As Mike Seaver, the eldest son in the smash hit sitcom "Growing Pains," actor Kirk Cameron could make audiences roll with laughter. But now he wants to bring them to the Lord. And he's deadly serious.
The show, which began in 1985 , dominated the television ratings. Cameron joined the cast at the age of 14.
At first, he says, he was mesmerized by Hollywood and all the benefits that came from his newly acquired celebrity status. But soon he grew weary of signing autographs and a lifestyle that seemed entirely superficial.
The transition came about after Cameron reached his 16th birthday.
He sat in Beverly Hills in his newly purchased car and decided to pray. "I said, 'God if you're there, I want to know,'" he told Nightline. "'I don't want to be fooled or blinded by any sort of religion, but if you are real I need to know because I've completely ignored you my entire life. And if I die and find out that I am wrong about your existence, I've played the part of the biggest fool, and all of my money, popularity will not mean anything on that day.'"
Soon, Cameron started attending church and began to deepen his own theological understanding and grasp of Christianity. This eventually led to a clash between his personal and professional interests.
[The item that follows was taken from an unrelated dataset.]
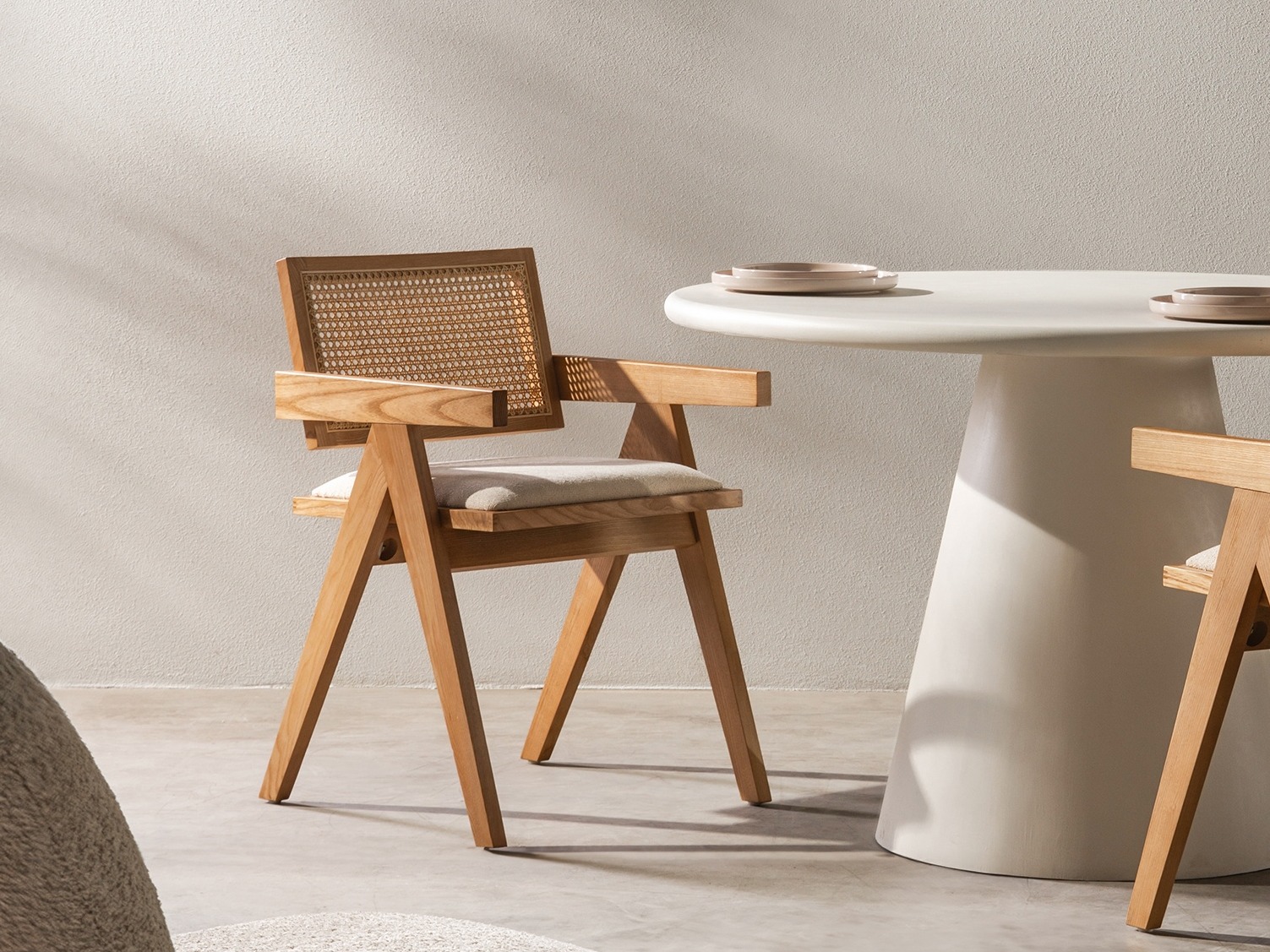 Stol Burleson 348 (Svetel les + Svetlo bež)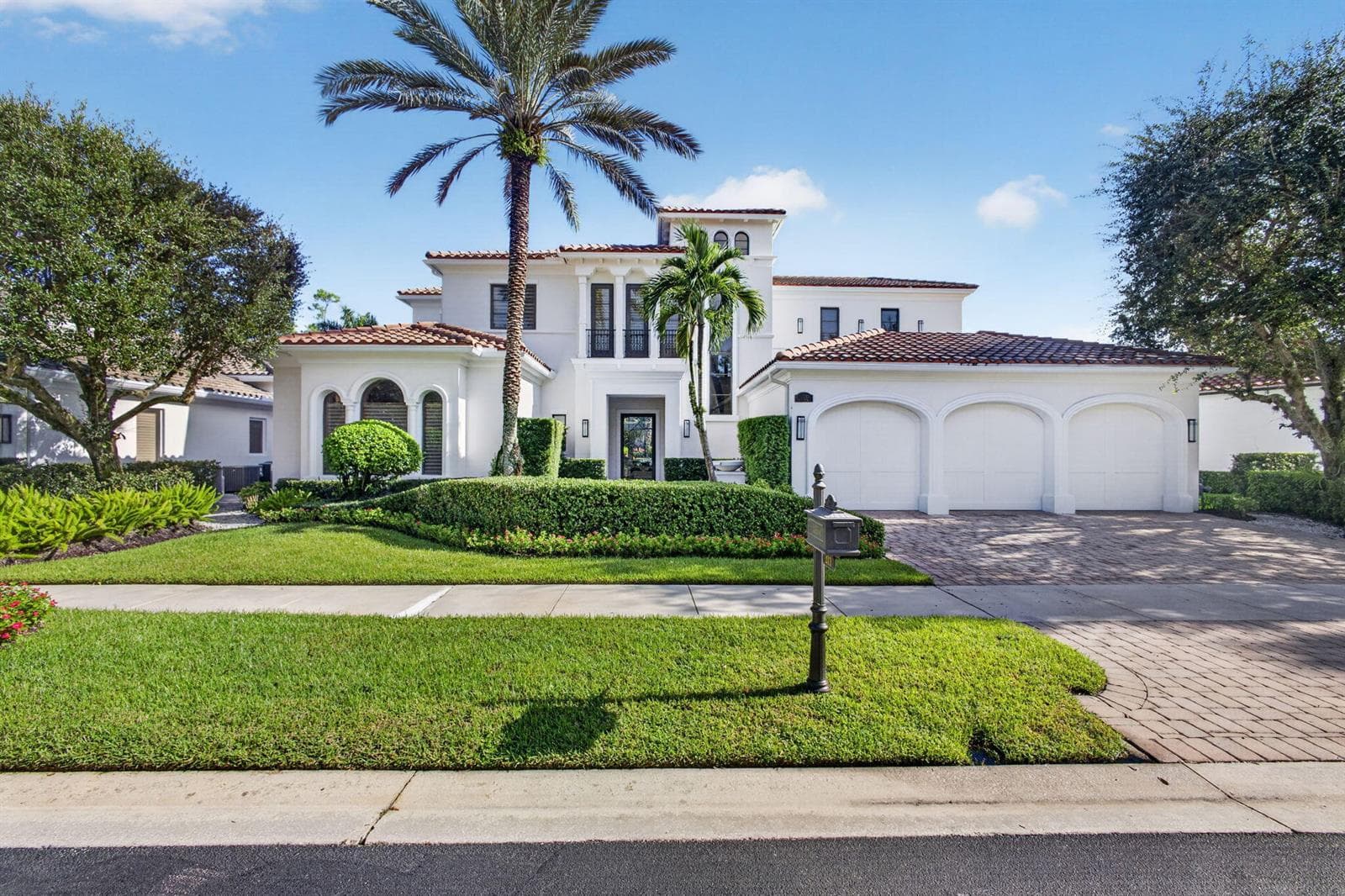 213 Vía Palacio, Palm Beach Gardens FL 33418 - Palm Beach Gardens, FL - Photo 1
"There was a scene where Mike Seaver was to be lying in bed with a girlfriend and as I wake up in the morning, Mike ... rolls over and just says, 'Hey babe, tell me again, what's your name?'"
He found the scene conflicted with the Christian values he had embraced.
"I'm faithful to my wife. I don't wake up in bed next to another girl because I know my children are going to learn by my actions, and I felt that was the responsibility of our show ... to portray real life but in a way that left people with something that would move them up higher morally."
At first he tried to reason with the show's producers.
"If something came up, I thought, let's find another way to say it, let's find another way of doing that. And of course when I would bring that up, then that suddenly became connected with the fact that I was now a Christian. That got spun into 'Kirk is trying to push his religious views onto the show.'"
After seven years, ABC decided to cancel the show. The end of the series gave Cameron an opportunity to resolve the tension he felt between the requirements of his profession and the demands of his faith. He started working on the popular Apocalyptic "Left Behind" film series and then met an itinerant preacher, Ray Comfort, who encouraged him to begin a second career -- as an evangelist.
Together they formed an organization called "The Way of the Master." Operating as a charitable trust, its intention is to educate and equip the church to preach the message of Christianity to unbelievers. Cameron says he is motivated by a literal fear of hell.
"I believe the Scriptures teach that there's a literal heaven and a literal hell, just like Jesus said," he explained. "And without forgiveness of sins that, yeah, the place of punishment is called hell."
In addition to creating teaching materials, books and a Web site, Cameron is now back on TV in a weekly cable program. "The Way of the Master" show features Cameron and Comfort speaking to strangers about Christianity. On occasions, things go badly wrong and the pair is attacked by members of the public.